Exercise details: Would you return the lines that run from the start of the data below to the line with "Black Ballet Flats", both included, exactly as written and without pictures?

[Scraped caption text data]
* * *

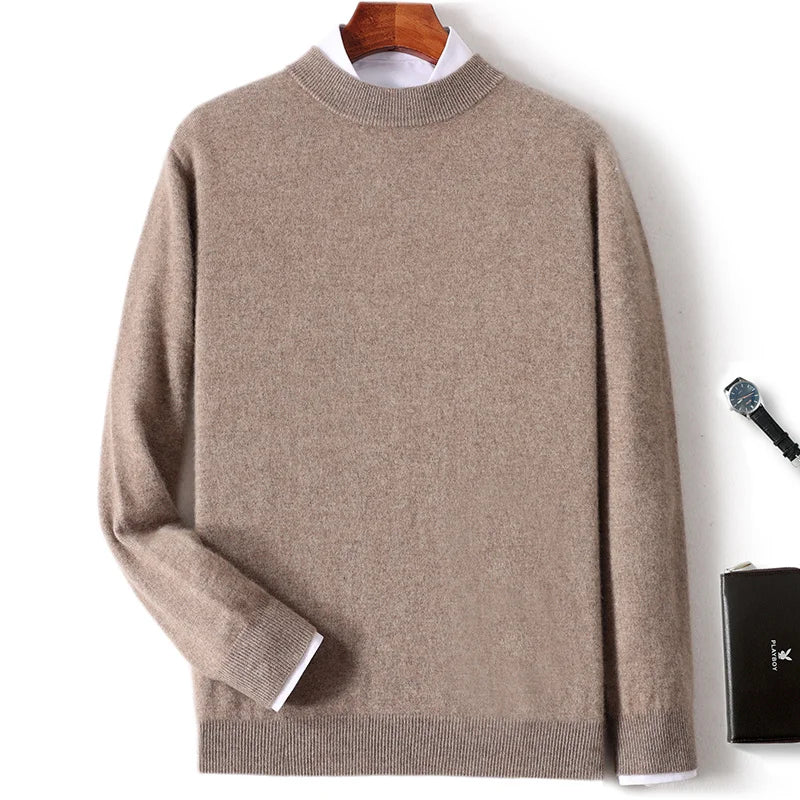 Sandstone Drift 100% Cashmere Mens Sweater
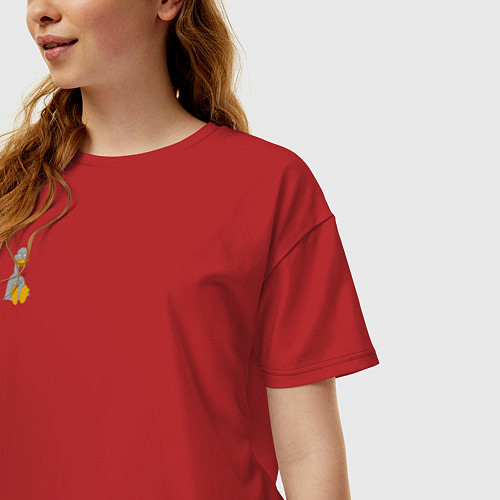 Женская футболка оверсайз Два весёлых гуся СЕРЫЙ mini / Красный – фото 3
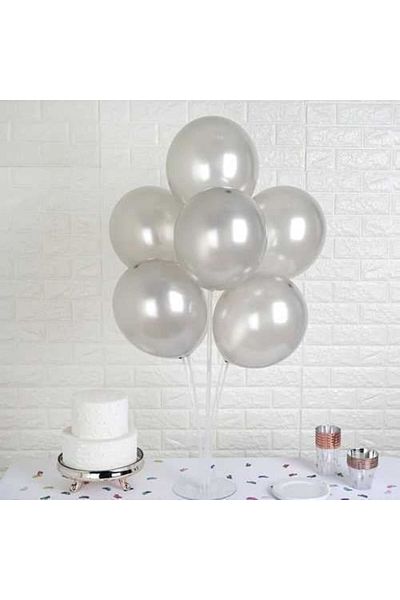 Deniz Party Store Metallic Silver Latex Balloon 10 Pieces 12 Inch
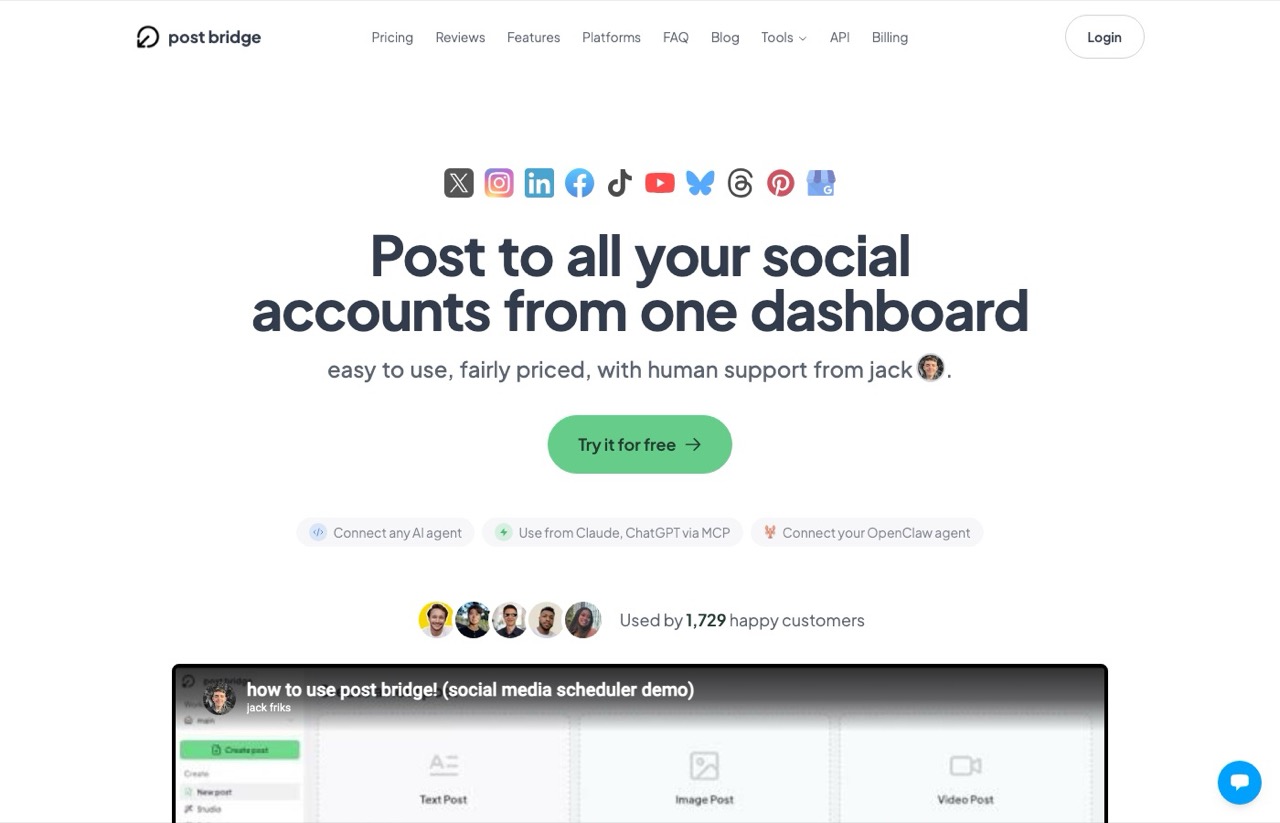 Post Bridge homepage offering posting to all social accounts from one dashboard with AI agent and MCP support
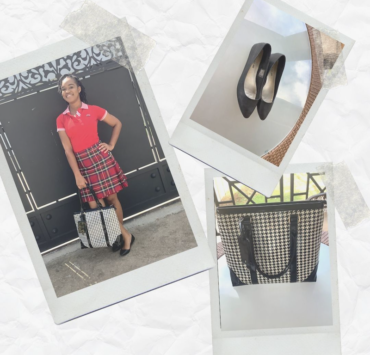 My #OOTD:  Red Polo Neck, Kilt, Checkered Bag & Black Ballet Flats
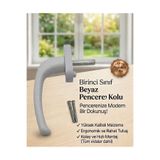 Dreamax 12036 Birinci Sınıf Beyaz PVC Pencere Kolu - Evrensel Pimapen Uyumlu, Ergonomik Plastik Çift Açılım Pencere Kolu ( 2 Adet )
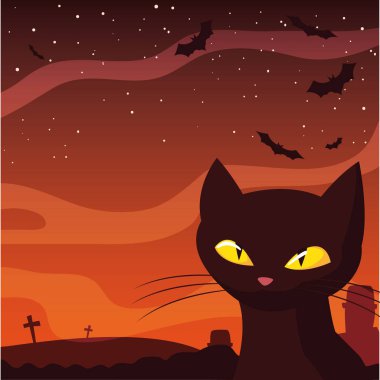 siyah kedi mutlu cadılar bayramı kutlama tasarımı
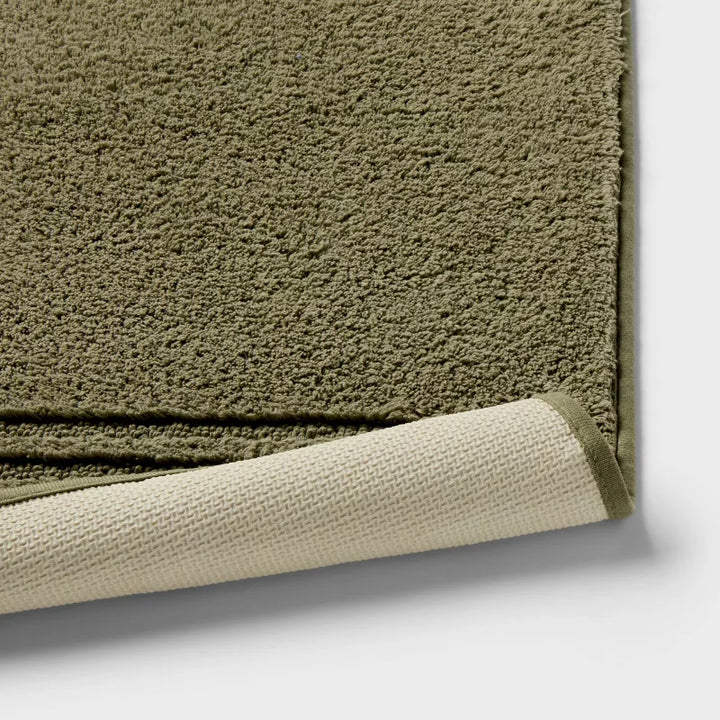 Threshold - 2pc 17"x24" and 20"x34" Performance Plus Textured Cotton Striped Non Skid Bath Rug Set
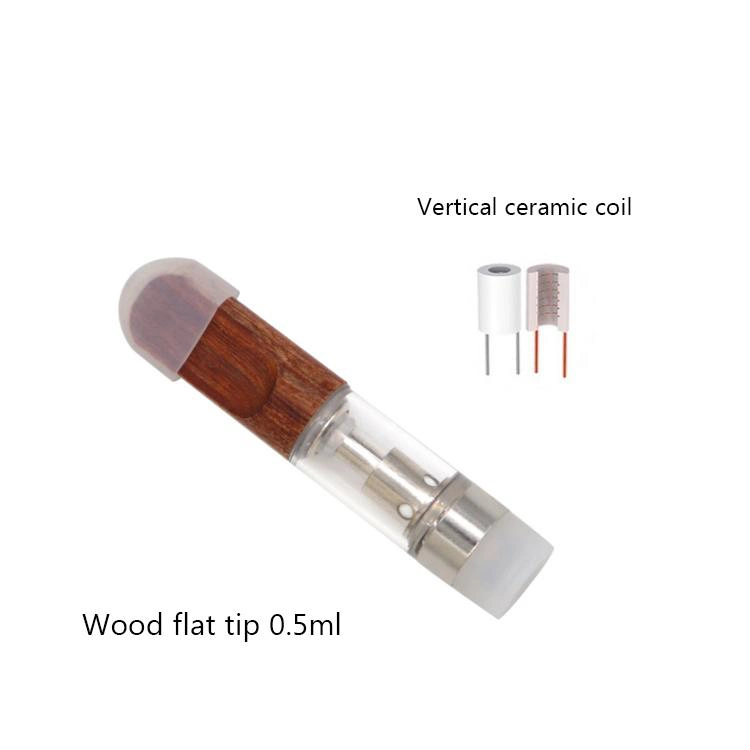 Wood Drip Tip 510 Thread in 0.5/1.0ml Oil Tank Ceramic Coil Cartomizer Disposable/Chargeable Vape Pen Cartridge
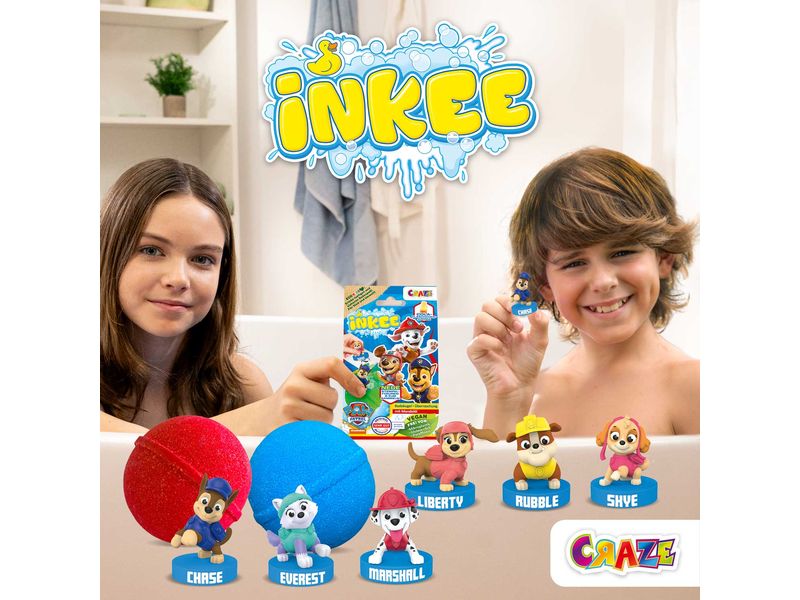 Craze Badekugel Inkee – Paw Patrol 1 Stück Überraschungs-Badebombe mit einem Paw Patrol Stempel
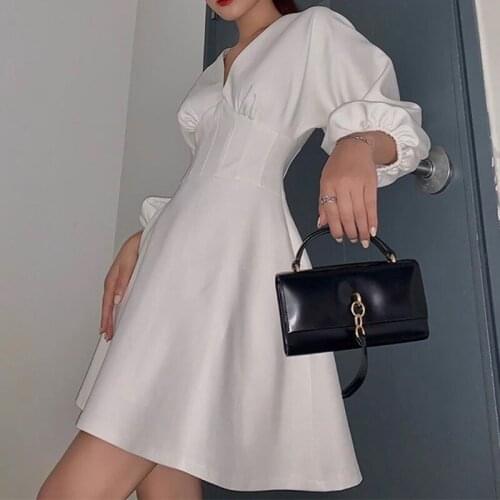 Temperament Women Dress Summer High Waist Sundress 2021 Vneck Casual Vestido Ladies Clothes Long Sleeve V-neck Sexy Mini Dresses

* * *

Solved problem:
 Sandstone Drift 100% Cashmere Mens Sweater
 Женская футболка оверсайз Два весёлых гуся СЕРЫЙ mini / Красный – фото 3
 Deniz Party Store Metallic Silver Latex Balloon 10 Pieces 12 Inch
 Post Bridge homepage offering posting to all social accounts from one dashboard with AI agent and MCP support
 My #OOTD:  Red Polo Neck, Kilt, Checkered Bag & Black Ballet Flats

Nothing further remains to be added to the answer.